Umm, the original post said that the motor ejection didn't fire until after the deployment. Unless marsman misremembers the sequence of events (unlikely) this isn't the explanation.
Since I wasn't there and we don't have all the information we would like, my speculation is that if the motor ejection charge fired early, it would deploy the main and that would trigger the electronic apogee ejection almost immediately afterwards, deploying the drogue. If the rocket was above 300 feet, the computer would fire the electronic main charge at 300 ft., but since the main was already deployed, you would just hear the pop.

A data dump might provide the required information.

Bob
 
Frankly, any altimeter design that fires the charge after a power disruption is a poor design, in my opinion.
I can appreciate that view, but on the other hand firing the charge at the wrong time in flight may damage the rocket, but not firing it will result in a lawn dart, which is more potentially hazardous.

Given that it's hard to predict all possible types of power disruption and their causes, and electronics may not be able to tell exactly what happened independently, it's tough to say exactly how things ought to be implemented (or what the RRC2 really does, I'm just inferring this behavior from the manual.)
 
Some altimeters appear to fire the main immediately if they power-on reset so that the deployment still happens even if the drogue firing causes a reset because of excessive current.

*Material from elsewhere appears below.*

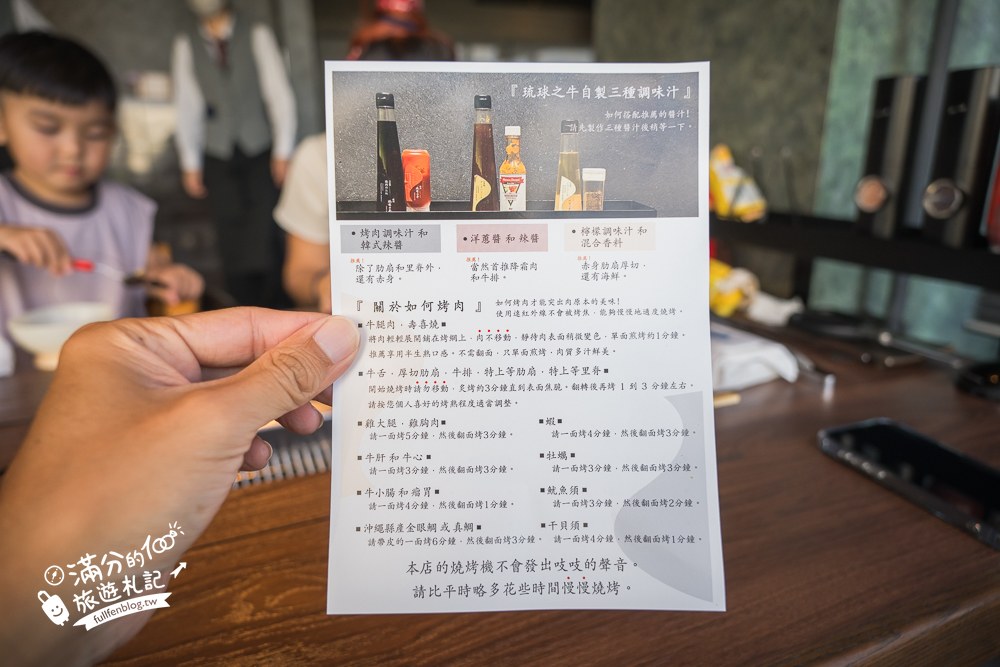 琉球的牛|焼肉 琉球の牛 北谷|平板點餐與套餐規定 琉球的牛|焼肉 琉球の牛 北谷|平板點餐與套餐規定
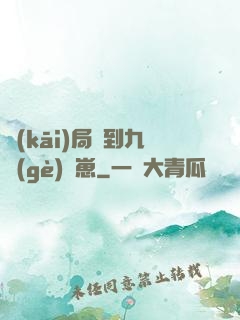 開(kāi)局撿到九個(gè)龍崽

I think that's why the RRC2 manual tells you "Never cycle the altimeter power switch off, then immediately back on (allow at least 10 seconds)."

Anyway, I'm just throwing out possibilities here. Since the altimeter thought that apogee was at the main deploy altitude it seems like something similar to my suggestions could have happened.

I absolutely agree - especially since

1) The altimeter uses an external 9v battery, requiring a battery harness;

2) The deployment appeared to occur at burnout, when payloads love to lurch forward because of external drag; and

3) It's the poster's first altimeter flight - so he likely has no experience securing battery harnesses (or omitting them).